* DESCRIPTION OF THE TASK
An exact copy of every record below is needed, with the pictures left out.

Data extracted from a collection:
Start of Block
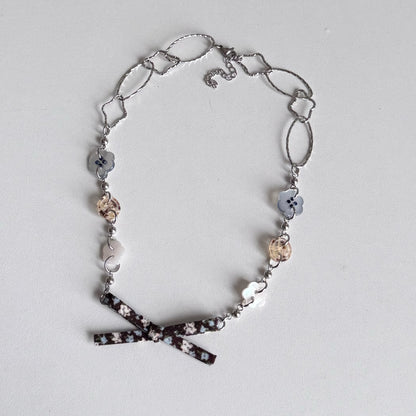 Vintage Bow Charm Necklace — Y2K Floral Ribbon Layered Jewelry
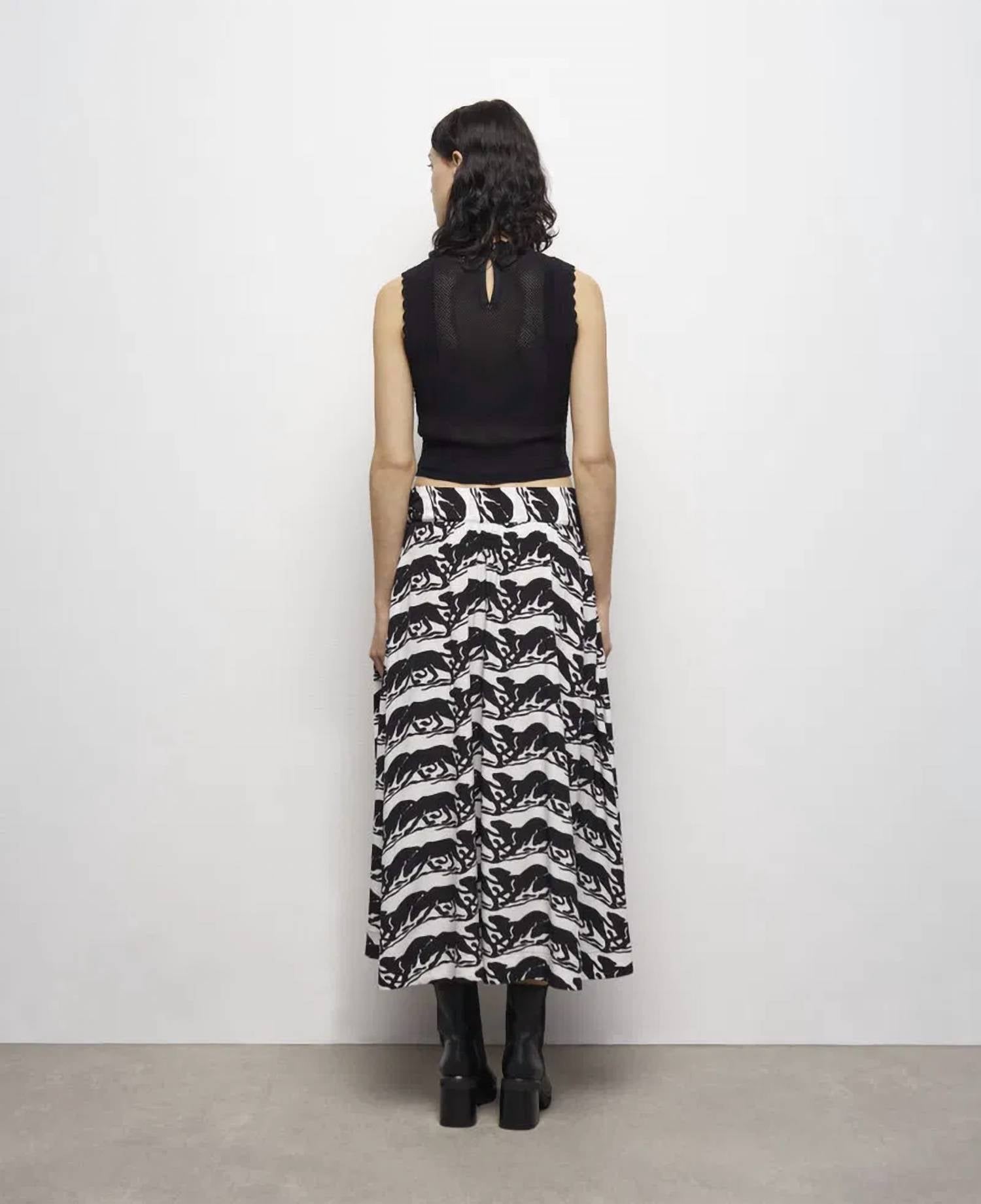 The Kooples - Wild Panther Print Midi Skirt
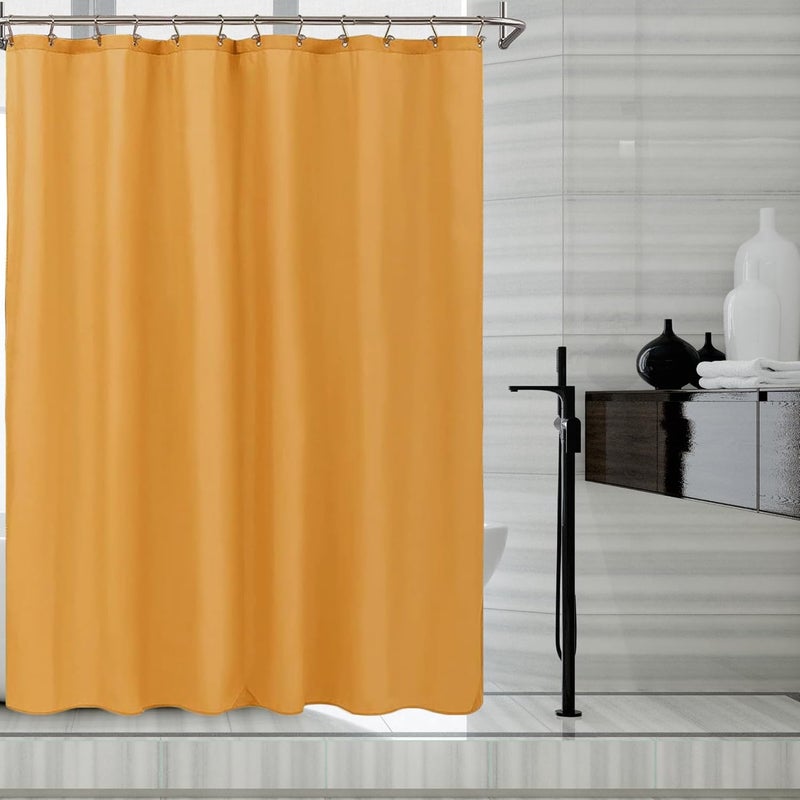 LLSCL Yolk Yellow Fabric Shower Curtain Liner with Magnets, Waterproof Hotel Quality, 72 x 72 Machine Washable - Image 1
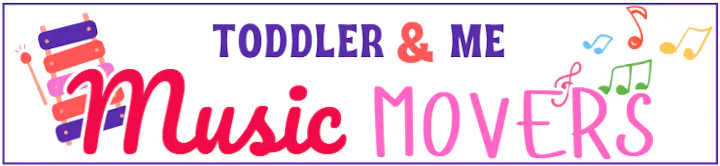 The image promotes a program called "Toddler & Me Music Movers," featuring vibrant colors and musical notes.
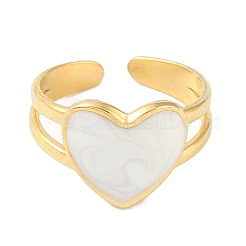 Ion Plating(IP) 304 Stainless Steel Enamel Heart Cuff Finger Rings&nbsp;RJEW-L107-059G-01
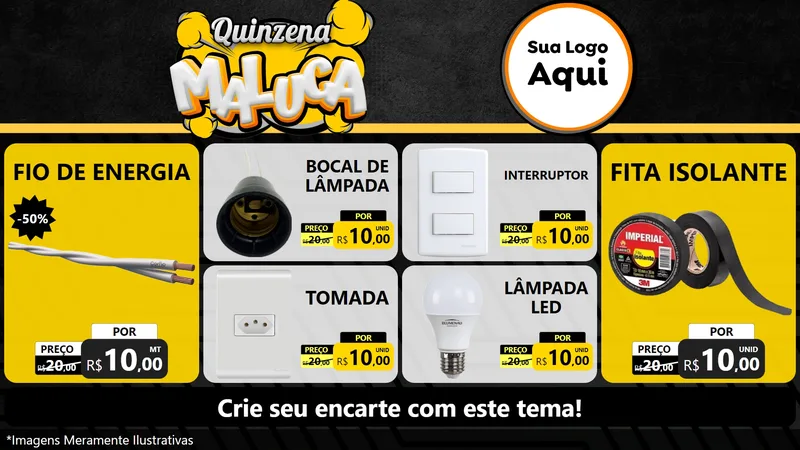 Modelo de TV para TV Horizontal com o tema Quinzena Maluca para Materiais Elétricos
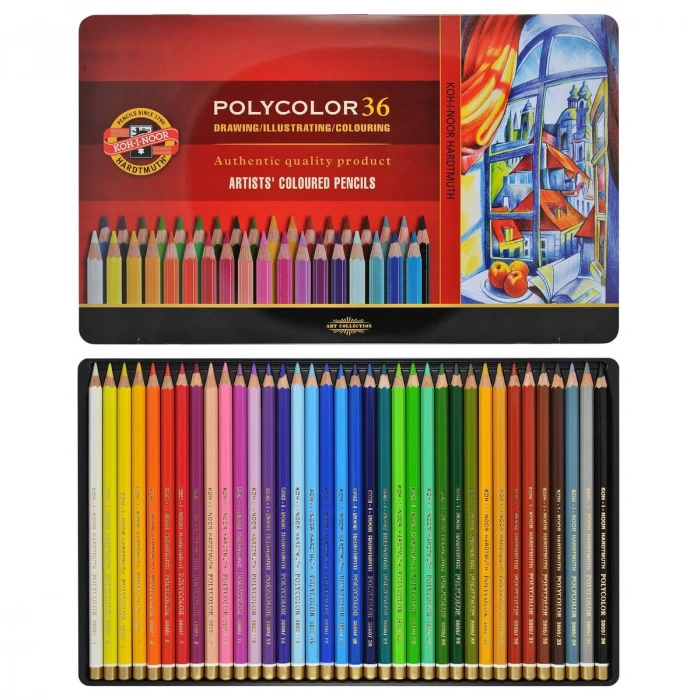 Koh-i Noor Polycolor Artist Kuru Boya Kalemi Seti 36 Renk Metal Kutu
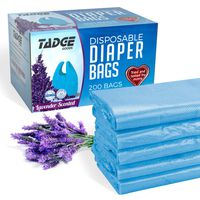 Tadge Goods Baby Disposable Diaper Bags - 100% Biodegradable Diaper Sacks with Lavender Scent & Added Baking Soda to Absorb Odors - 200 Count (Blue)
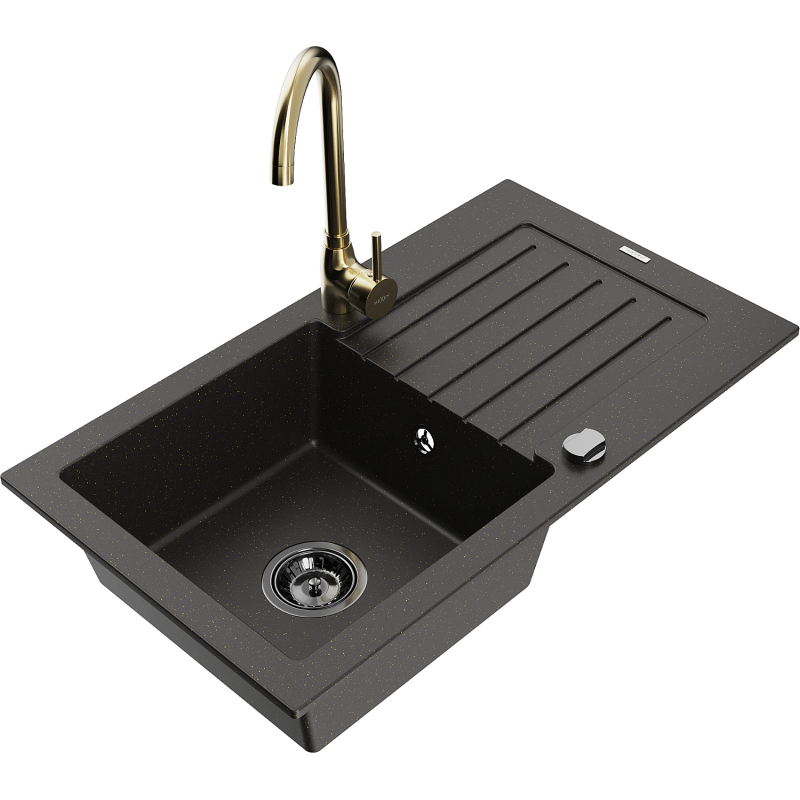 Mexen Pablo granite sink 1-bowl with drainer and Telma kitchen tap, black/gold - 6510-75-670200-50-B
End of Block
* TASK OUTPUT
 Vintage Bow Charm Necklace — Y2K Floral Ribbon Layered Jewelry
 The Kooples - Wild Panther Print Midi Skirt
 LLSCL Yolk Yellow Fabric Shower Curtain Liner with Magnets, Waterproof Hotel Quality, 72 x 72 Machine Washable - Image 1
 The image promotes a program called "Toddler & Me Music Movers," featuring vibrant colors and musical notes.
 Ion Plating(IP) 304 Stainless Steel Enamel Heart Cuff Finger Rings&nbsp;RJEW-L107-059G-01
 Modelo de TV para TV Horizontal com o tema Quinzena Maluca para Materiais Elétricos
 Koh-i Noor Polycolor Artist Kuru Boya Kalemi Seti 36 Renk Metal Kutu
 Tadge Goods Baby Disposable Diaper Bags - 100% Biodegradable Diaper Sacks with Lavender Scent & Added Baking Soda to Absorb Odors - 200 Count (Blue)
 Mexen Pablo granite sink 1-bowl with drainer and Telma kitchen tap, black/gold - 6510-75-670200-50-B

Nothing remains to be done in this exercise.